:: Task objective ::
Restate word for word the lines of the data below, from the first through the one that has "Hállokabinos lakohajo".

Stored data
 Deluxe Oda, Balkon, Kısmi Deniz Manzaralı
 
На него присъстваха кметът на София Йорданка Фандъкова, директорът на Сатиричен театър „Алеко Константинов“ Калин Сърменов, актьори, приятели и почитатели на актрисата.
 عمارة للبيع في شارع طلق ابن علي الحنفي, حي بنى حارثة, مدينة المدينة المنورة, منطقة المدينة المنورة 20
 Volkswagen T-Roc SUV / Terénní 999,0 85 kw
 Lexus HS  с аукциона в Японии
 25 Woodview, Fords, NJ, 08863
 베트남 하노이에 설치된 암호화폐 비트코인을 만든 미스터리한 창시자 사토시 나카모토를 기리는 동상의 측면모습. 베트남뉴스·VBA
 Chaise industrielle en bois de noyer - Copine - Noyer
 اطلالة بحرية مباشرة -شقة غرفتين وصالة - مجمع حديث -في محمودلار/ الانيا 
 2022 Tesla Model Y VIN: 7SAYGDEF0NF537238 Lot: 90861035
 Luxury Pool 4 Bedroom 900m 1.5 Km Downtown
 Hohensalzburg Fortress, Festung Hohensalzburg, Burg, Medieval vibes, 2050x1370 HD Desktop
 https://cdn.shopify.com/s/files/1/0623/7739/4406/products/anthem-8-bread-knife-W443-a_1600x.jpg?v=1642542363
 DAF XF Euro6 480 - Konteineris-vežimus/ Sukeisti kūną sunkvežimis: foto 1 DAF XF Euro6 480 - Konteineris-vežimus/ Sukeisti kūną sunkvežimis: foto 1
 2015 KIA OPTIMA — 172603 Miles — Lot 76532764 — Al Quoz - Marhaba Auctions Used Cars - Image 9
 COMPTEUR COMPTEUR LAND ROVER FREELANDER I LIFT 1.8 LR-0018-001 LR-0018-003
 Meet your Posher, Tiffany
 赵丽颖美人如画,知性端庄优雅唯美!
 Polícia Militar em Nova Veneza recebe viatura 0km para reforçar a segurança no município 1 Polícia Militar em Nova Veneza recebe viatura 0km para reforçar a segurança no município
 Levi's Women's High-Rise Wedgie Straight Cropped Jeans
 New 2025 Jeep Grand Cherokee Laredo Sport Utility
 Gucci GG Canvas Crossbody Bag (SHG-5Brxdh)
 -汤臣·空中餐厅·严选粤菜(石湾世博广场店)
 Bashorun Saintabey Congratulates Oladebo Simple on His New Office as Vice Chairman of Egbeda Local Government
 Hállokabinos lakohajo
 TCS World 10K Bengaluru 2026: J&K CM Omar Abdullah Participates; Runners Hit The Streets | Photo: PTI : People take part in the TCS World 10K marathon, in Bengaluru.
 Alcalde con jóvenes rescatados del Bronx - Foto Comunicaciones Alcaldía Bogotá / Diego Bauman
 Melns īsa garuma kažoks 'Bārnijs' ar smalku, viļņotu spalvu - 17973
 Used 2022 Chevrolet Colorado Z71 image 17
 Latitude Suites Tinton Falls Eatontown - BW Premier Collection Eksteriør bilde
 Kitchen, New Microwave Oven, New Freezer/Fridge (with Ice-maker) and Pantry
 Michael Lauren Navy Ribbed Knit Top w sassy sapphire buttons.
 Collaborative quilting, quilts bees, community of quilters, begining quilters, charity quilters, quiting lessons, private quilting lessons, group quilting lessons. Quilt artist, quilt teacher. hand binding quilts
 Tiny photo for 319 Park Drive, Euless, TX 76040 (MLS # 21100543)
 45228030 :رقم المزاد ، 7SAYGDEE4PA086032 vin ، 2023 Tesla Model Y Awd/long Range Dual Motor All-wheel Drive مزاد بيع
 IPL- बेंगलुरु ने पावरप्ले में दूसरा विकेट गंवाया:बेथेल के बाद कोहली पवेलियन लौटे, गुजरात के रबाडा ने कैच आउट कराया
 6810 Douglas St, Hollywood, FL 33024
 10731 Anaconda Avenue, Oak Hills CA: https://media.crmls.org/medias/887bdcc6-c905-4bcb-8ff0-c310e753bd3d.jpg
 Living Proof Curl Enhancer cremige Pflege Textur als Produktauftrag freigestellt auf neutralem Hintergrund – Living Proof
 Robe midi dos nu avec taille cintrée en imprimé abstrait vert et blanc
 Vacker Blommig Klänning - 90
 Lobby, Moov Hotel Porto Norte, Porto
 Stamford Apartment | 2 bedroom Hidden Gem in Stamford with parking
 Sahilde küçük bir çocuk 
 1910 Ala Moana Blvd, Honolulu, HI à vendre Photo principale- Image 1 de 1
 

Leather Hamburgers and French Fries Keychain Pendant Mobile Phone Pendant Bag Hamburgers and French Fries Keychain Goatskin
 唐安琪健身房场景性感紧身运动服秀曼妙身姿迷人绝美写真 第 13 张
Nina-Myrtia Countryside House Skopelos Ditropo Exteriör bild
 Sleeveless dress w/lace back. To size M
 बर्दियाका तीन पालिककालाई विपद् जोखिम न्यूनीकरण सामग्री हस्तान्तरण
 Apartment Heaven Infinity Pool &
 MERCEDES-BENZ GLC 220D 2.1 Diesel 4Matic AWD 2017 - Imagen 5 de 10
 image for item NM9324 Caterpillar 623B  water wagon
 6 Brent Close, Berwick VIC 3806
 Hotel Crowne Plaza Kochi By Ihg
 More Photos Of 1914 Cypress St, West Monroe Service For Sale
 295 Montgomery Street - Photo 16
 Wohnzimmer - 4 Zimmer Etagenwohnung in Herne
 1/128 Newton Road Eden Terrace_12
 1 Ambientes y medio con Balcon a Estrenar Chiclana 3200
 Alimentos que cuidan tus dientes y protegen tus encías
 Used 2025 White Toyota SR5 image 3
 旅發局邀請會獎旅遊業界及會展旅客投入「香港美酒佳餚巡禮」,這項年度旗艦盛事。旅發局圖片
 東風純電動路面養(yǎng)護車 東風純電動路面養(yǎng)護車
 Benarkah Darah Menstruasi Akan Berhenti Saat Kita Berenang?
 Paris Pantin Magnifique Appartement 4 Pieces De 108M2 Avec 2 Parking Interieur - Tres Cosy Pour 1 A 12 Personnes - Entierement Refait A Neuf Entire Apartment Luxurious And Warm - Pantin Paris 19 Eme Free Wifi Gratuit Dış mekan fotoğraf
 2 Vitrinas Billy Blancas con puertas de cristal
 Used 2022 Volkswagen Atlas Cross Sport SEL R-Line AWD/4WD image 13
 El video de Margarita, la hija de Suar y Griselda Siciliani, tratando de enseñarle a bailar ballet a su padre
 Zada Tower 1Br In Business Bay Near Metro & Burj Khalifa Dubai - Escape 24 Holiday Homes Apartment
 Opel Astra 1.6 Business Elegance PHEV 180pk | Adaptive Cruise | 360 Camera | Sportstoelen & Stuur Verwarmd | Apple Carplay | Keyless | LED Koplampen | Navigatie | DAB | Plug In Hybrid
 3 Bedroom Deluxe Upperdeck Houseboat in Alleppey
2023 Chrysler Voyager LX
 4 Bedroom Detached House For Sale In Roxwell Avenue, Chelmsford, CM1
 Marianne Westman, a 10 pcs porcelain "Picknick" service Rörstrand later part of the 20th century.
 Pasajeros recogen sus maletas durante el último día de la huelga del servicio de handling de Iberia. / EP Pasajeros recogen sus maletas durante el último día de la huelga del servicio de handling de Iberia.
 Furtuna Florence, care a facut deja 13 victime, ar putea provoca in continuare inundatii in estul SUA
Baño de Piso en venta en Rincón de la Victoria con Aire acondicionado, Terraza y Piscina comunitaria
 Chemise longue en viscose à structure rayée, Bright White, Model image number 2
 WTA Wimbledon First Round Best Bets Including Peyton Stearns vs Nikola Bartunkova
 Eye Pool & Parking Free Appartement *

:: Result of the task ::
 Deluxe Oda, Balkon, Kısmi Deniz Manzaralı
 
На него присъстваха кметът на София Йорданка Фандъкова, директорът на Сатиричен театър „Алеко Константинов“ Калин Сърменов, актьори, приятели и почитатели на актрисата.
 عمارة للبيع في شارع طلق ابن علي الحنفي, حي بنى حارثة, مدينة المدينة المنورة, منطقة المدينة المنورة 20
 Volkswagen T-Roc SUV / Terénní 999,0 85 kw
 Lexus HS  с аукциона в Японии
 25 Woodview, Fords, NJ, 08863
 베트남 하노이에 설치된 암호화폐 비트코인을 만든 미스터리한 창시자 사토시 나카모토를 기리는 동상의 측면모습. 베트남뉴스·VBA
 Chaise industrielle en bois de noyer - Copine - Noyer
 اطلالة بحرية مباشرة -شقة غرفتين وصالة - مجمع حديث -في محمودلار/ الانيا 
 2022 Tesla Model Y VIN: 7SAYGDEF0NF537238 Lot: 90861035
 Luxury Pool 4 Bedroom 900m 1.5 Km Downtown
 Hohensalzburg Fortress, Festung Hohensalzburg, Burg, Medieval vibes, 2050x1370 HD Desktop
 https://cdn.shopify.com/s/files/1/0623/7739/4406/products/anthem-8-bread-knife-W443-a_1600x.jpg?v=1642542363
 DAF XF Euro6 480 - Konteineris-vežimus/ Sukeisti kūną sunkvežimis: foto 1 DAF XF Euro6 480 - Konteineris-vežimus/ Sukeisti kūną sunkvežimis: foto 1
 2015 KIA OPTIMA — 172603 Miles — Lot 76532764 — Al Quoz - Marhaba Auctions Used Cars - Image 9
 COMPTEUR COMPTEUR LAND ROVER FREELANDER I LIFT 1.8 LR-0018-001 LR-0018-003
 Meet your Posher, Tiffany
 赵丽颖美人如画,知性端庄优雅唯美!
 Polícia Militar em Nova Veneza recebe viatura 0km para reforçar a segurança no município 1 Polícia Militar em Nova Veneza recebe viatura 0km para reforçar a segurança no município
 Levi's Women's High-Rise Wedgie Straight Cropped Jeans
 New 2025 Jeep Grand Cherokee Laredo Sport Utility
 Gucci GG Canvas Crossbody Bag (SHG-5Brxdh)
 -汤臣·空中餐厅·严选粤菜(石湾世博广场店)
 Bashorun Saintabey Congratulates Oladebo Simple on His New Office as Vice Chairman of Egbeda Local Government
 Hállokabinos lakohajo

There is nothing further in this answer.